“Partir es morir un poco”. Así reza un refrán
al que todos veneramos como una verdad. Decir “adiós”
es morir un poco, digo yo, parafraseando el refrán; decir un adiós definitivo... ¿es morir mucho?
A lo largo de mi trabajo terapéutico he notado como una constante, la necesidad de mis pacientes de decir adiós
a una serie de personas
y situaciones de su vida y el doloroso proceso
que se inicia hasta la despedida final.
Sólo después de esa despedida, auténtica y sincera, es cuando
renace en nosotros
nuestro auténtico yo, y el aquí y ahora empiezan a adquirir un significado pleno.
Estamos agarrados a nuestro pasado y el soltarlo nos produce el vértigo del vado;
sin historia, dejamos
de ser.
Al tener que rellenar nuestro
yo con la historia nos agarramos al pasado, nos agarramos
a situaciones y personas que pasan a llenar huecos en nuestra
personalidad. Buscamos en esas personas aquellas cualidades y características que tapan, poniendo
un parche, en los vados que hemos ido creando.
Los necesitamos y dependemos de ellos porque tienen algo que nos gusta, porque tienen algo de lo que nosotros
creemos que carecemos, y tratamos a toda costa de llenarnos
de ellos en lugar de sacar, de recuperar de nosotros, aquello
que no sentimos dentro.
El primer enganche
surge cuando nosotros,
niños espontáneos y flexibles,
niños llenos de nosotros mismos,
empezamos a renunciar
a partes de nuestro yo para conseguir la atención y el cariño de nuestros padres. Sin darnos cuenta,
vamos renunciando a algunos de nuestros sentimientos (rabia, ilusión, espontaneidad, fortaleza o debilidad...) y cuando aparece
ese hueco o vado en nosotros, lo llenamos a toda costa con esa característica
nuestra que vemos en el otro. Pero lejos de establecer
una relación sana, de igual,
empezamos a depender
de ese otro porque si se va... se llevará con él nuestra
tranquilidad y nuestro aparente equilibrio
se tambaleará. Ya no podemos
prescindir del otro porque nuestros viejos fantasmas
harán su aparición
y la angustia de lo no resuelto
nos invadirá.
Nos agarramos o nos enganchamos cuando tenemos asuntos
sin concluir, o concluidos de una forma no satisfactoria. Ante esa sensación, de insatisfacción, archivamos la situación como “pendiente de un final satisfactorio” y una y otra vez seguimos trayendo
la situación a nuestras vidas, de forma no consciente, con el vano intento de acabar con ella.
Todos hemos tenido
la sensación, alguna
vez, de que ciertos acontecimientos de nuestra vida se repiten,
que parece que tanto el proceso
como el fin es siempre el mismo.
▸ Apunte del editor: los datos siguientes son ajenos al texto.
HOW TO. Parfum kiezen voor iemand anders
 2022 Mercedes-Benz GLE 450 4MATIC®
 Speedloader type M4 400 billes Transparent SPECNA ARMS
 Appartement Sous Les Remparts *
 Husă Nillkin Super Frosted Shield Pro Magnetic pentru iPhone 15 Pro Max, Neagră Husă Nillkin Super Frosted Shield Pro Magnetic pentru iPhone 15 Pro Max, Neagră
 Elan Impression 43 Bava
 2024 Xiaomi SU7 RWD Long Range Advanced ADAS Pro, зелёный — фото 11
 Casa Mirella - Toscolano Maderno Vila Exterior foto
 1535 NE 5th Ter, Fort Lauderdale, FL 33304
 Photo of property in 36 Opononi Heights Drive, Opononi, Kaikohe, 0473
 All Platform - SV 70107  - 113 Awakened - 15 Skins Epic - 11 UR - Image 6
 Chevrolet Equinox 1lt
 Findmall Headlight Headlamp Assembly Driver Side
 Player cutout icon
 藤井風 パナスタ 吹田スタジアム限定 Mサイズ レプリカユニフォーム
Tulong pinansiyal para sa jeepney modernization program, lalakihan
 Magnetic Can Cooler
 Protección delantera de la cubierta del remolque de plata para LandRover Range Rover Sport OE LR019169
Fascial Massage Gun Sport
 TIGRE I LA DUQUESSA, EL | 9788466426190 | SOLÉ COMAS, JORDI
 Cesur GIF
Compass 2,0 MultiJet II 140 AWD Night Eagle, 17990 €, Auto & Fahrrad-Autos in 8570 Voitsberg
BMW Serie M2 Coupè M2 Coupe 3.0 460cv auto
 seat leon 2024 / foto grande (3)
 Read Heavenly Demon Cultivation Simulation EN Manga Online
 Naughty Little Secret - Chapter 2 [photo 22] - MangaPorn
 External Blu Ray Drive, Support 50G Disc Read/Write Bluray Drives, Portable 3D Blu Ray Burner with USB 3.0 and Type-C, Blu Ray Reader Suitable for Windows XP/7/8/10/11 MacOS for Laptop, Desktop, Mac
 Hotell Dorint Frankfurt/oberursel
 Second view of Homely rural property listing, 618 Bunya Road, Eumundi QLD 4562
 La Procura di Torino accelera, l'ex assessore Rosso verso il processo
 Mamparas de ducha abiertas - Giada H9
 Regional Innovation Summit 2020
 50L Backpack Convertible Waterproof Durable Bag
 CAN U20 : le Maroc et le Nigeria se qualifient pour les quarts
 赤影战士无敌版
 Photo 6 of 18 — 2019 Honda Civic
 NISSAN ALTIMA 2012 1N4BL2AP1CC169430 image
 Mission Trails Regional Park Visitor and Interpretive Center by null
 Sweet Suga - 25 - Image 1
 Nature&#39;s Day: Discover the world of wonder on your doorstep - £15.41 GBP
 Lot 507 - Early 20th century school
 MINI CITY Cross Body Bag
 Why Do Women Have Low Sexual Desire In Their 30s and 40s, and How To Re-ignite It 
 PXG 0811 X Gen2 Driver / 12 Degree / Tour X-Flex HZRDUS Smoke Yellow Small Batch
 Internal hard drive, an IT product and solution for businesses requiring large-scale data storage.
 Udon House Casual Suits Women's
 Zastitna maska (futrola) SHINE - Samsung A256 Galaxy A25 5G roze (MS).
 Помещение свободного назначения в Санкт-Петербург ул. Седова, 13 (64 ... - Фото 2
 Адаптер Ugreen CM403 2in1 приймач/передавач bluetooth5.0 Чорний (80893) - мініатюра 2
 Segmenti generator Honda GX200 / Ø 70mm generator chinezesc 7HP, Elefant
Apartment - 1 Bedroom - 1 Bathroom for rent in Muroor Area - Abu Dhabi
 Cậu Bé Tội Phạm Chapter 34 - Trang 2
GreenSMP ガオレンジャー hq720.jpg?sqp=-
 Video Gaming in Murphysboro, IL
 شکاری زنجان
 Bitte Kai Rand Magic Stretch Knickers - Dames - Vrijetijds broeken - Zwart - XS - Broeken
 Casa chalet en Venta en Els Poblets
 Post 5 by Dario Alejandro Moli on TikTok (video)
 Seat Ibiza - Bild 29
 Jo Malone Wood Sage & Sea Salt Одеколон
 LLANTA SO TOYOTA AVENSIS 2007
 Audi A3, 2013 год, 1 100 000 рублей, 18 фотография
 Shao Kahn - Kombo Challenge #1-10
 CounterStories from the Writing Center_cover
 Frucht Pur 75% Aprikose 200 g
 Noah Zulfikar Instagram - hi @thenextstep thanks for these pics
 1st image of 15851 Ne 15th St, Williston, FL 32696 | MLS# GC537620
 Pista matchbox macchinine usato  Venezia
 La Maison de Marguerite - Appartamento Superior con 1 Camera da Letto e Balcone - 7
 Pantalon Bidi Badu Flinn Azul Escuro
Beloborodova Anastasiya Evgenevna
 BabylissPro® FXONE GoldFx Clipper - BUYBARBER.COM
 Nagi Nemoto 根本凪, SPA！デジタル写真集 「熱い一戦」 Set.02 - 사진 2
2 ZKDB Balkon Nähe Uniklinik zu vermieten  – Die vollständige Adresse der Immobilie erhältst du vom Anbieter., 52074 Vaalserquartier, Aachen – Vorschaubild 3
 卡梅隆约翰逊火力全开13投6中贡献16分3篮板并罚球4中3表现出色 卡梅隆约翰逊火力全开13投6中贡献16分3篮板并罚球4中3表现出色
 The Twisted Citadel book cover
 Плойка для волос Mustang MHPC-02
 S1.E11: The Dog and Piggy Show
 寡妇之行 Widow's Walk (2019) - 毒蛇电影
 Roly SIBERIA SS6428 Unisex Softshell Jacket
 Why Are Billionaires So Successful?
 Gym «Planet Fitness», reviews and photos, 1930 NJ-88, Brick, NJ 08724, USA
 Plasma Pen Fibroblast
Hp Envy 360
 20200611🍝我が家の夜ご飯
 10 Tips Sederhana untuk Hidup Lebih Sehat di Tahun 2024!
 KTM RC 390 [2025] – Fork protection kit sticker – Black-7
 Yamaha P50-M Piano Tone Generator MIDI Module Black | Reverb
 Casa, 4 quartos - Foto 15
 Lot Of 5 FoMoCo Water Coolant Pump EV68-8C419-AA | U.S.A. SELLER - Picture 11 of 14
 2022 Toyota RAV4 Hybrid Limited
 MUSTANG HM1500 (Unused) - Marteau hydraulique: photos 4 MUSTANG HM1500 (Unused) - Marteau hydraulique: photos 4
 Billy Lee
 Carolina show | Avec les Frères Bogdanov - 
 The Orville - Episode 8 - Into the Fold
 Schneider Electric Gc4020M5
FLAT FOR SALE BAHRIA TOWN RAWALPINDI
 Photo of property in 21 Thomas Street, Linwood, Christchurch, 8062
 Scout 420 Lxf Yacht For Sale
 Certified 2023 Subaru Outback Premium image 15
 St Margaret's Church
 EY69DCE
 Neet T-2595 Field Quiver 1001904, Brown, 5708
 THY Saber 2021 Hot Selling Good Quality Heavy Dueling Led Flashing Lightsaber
Uno de los más notorios es el de buscar alguien, como pareja, que comparta nuestra vida y después de dos o tres posibles parejas,
llegamos a la conclusión de que siempre son similares y que la relación
siempre transcurre y termina de la misma forma.
No todo el mundo es consciente de esta repetición pero sí llegan a la conclusión de “siempre me pasa igual”,
sin ser conscientes de que lo que en realidad
buscan es una historia que terminar, un agarrarse a alguien que les
dé lo que les falta privando
con ello al otro sujeto de su propio yo. Y al sentirse ambos ahogados por las exigencias del otro y sintiendo
su propia angustia,
tratan de huir para cerrar su historia
en otra persona,
en lugar de enfrentarse a sus propias vidas y crecer
emocional y personalmente juntos.
Hablamos de una “Situación inconclusa” cuando supuestamente
concluida una situación, nos quedamos con la sensación incómoda de no haber expresado
todo lo que queríamos expresar. Así por ejemplo,
cuando nos acusan de haber hecho algo mal y por miedo a las consecuencias no damos rienda
suelta a nuestros
sentimientos, y optamos por callar nuestros sentimientos y tratar de olvidar (tratar, intentar, procurar... significa no hacerlo nunca).
Vivir la vida de una forma satisfactoria supone
el empezar y acabar una situación en cada aquí y ahora, expresando nuestros
sentimientos y nuestras sensaciones.
Referencia
bibliográfica.
Martín, A y Vázquez, C. (2005). Cuando me encuentro con el Capitán Garfio... (NO) me engancho. España: Desclée de Brouwer.